As part of his showing at the Museum of Contemporary Art (MCA), his acclaimed video installation, Küba (2004) was held off—site from the core exhibition at the MCA in a building once used as a storehouse. Curiously unslick and makeshift, it pre-sented a stirring electrical hubbub, a swarm of 40 monitors amid castaway furniture arranged with calculated disorder; augmented by vivid shifting colors and lights emitting from the installation’s screens; all emanating a mixed cacophony. Chairs scattered about the room provided viewers an invitation to sit, listen to and observe Ataman’s subjects relating stories of their lives. This exhibition was not for those on the run as it demanded both patience and attention. This effort reaped special rewards though it is doubtful whether anyone has watched all of the monitors not for want of time, but rather because of the harrowing accounts captured by the artist’s camera. Gathered from various Middle Eastern communities, these are tales of violation, family instability, rape, death amid drug overdose. Ever the sensitive observer, Ataman, like the best interviewers, all but disappears from view.

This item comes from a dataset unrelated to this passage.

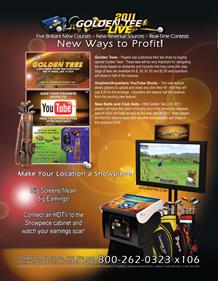 Golden Tee LIVE 2011 - Advertisement Flyer - Back - 850x1093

This is borne out in two other works also included in the exhibition: Stefan’s Room (2004) and The Four Seasons of Veronika Reed (2002). Both revealed their subjects as reflected through their hobbies. For Stefan, it is his extensive collection of tropical moths, while Veronika is the proud gardener of a rare breed of orchid. One in Berlin the other in London, these people create microcosmic paradises within their apartments, offering temporary protection from the outside world.
All of Ataman’s films convey a melodramatic and obsessive quality. As a director, his emotional dial is turned to high. But what mostly saves his work from the histrionic and overwrought is way in which his subjects seek out their own beauty in a troubled, ravaged world.